Over at The Atlantic, Jonathan Rauch, has a piece on The Great Secession about the apparent exodus of religious conservatives from mainstream culture and even every day life. Its a good piece to read and gives good pause for thought in the culture wars going on the west between the gay and god-fearing.
Rauch declares his main point:
I am someone who believes that religious liberty is the country’s founding freedom, the idea that made America possible. I am also a homosexual atheist, so religious conservatives may not want my advice. I’ll give it to them anyway. Culturally conservative Christians are taking a pronounced turn toward social secession: asserting both the right and the intent to sequester themselves from secular culture and norms, including the norm of nondiscrimination. This is not a good idea. When religion isolates itself from secular society, both sides lose, but religion loses more.
At one level I feel like Rauch has discovered that the Pope is Catholic. A huge chunk of conservative American Protestants have always had a “separatist” mentality, one that peaked in the 1920s-60s, and is proven by the number of private Christian schools and private Christian colleges. Christians love setting up their own little enclaves as it were (anyone been to Grand Rapids folks?) Yet I would point out, that the so-called secession is partly due to a secular push to get religion and churches out of the public square: out of education, out of government, out of media, and even out of charities that receive government funding. While some might be running out, others are being pushed out.
But he gets one thing quite right, the fear factor:
One is the fear that traditional religious views, especially about marriage, will soon be condemned as no better than racism, and that religious dissenters will be driven from respectable society, denied government contracts, and passed over for jobs—a fear heightened by well-publicized stories like the recent one about the resignation of Mozilla’s CEO, who had donated to the campaign against gay marriage in California. After a talk I gave recently in Philadelphia on free speech, a woman approached me claiming that the school system where she works harasses and fires anyone who questions gay marriage. I wanted to point out that in most states it’s perfectly legal to fire people just for being gay, whereas Christians enjoy robust federal and state antidiscrimination protections, but the look in her eyes was too fearful for convincing. Perhaps it is natural for worried people to daydream about some kind of escape. One Christian acquaintance told me, “I say half jokingly to my wife, ‘Where do we move?’ ”
He rightly points out the difference is perception and that is much of the problem:
I must sadly acknowledge that there is an absolutist streak among some secular civil-rights advocates. They think, justifiably, that discrimination is wrong and should not be tolerated, but they are too quick to overlook the unique role religion plays in American life and the unique protections it enjoys under the First Amendment. As a matter of both political wisdom and constitutional doctrine, the faithful have every right to seek reasonable accommodations for religious conscience. The problem is that what the social secessionists are asking for does not seem all that reasonable, especially to young Americans.
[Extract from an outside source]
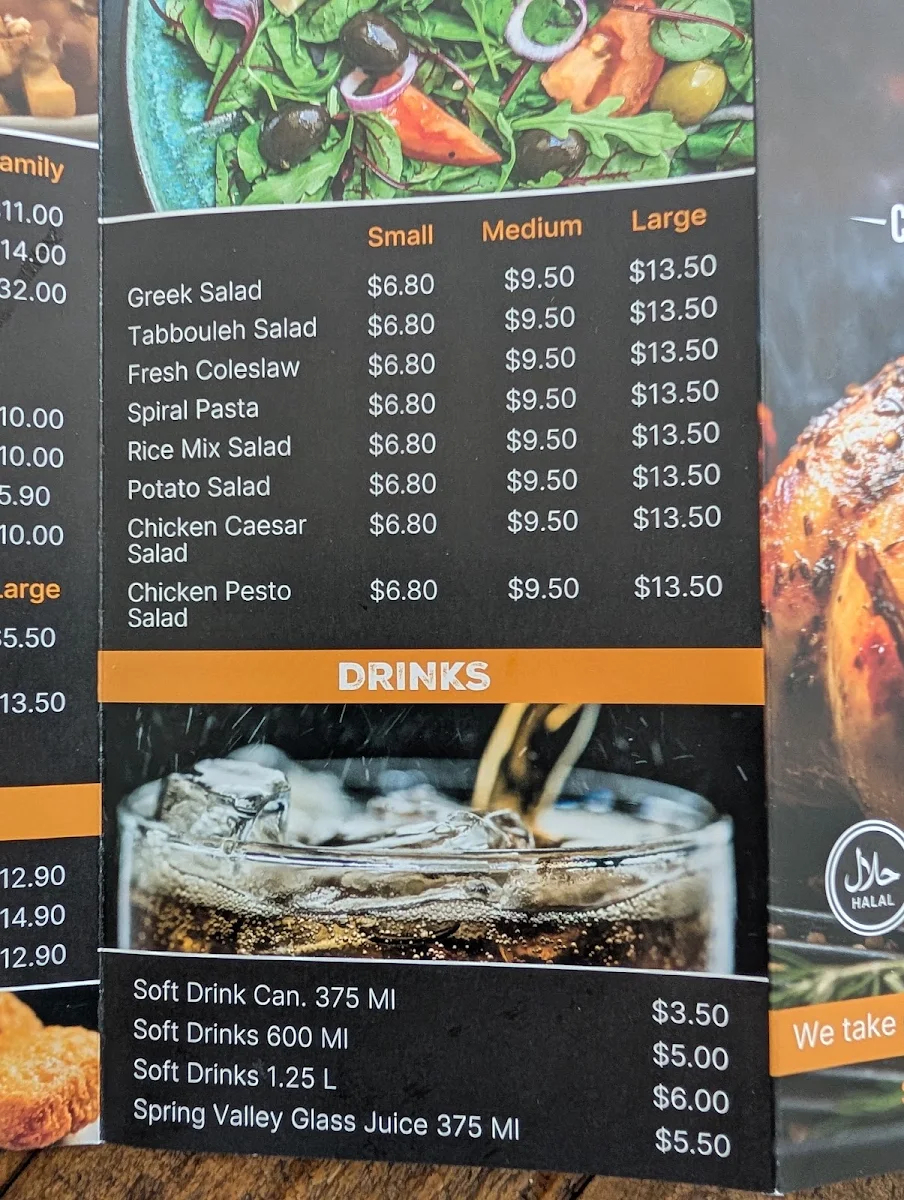 Menu, Lyndarum Charcoal Chicken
When Christian businesses boycott gay weddings and pride celebrations, and when they lobby and sue for the right to do so, they may think they are sending the message “Just leave us alone.” But the message that mainstream Americans, especially young Americans, receive is very different. They hear: “What we, the faithful, really want is to discriminate. Against gays. Maybe against you or people you hold dear. Heck, against your dog.”
That probably sums it up and is the heart of the debate. How do you balance religious freedom with anti-discrimination laws, both of which are good things!
I actually agree with Rauch’s solution:
There is, of course, a very different Christian tradition: a missionary tradition of engagement and education, of resolutely and even cheerfully going out into an often uncomprehending world, rather than staying home with the shutters closed. In this alternative tradition, a Christian photographer might see a same-sex wedding as an opportunity to engage and interact: a chance, perhaps, to explain why the service will be provided, but with a moral caveat or a prayer. Not every gay customer would welcome such a conversation, but it sure beats having the door slammed in your face.
In fact, the missional reason to stay and work in the secular gay-friendly post/anti-Christian world is THE reason. Let me throw us out, feed us to the lions, but don’t walk away.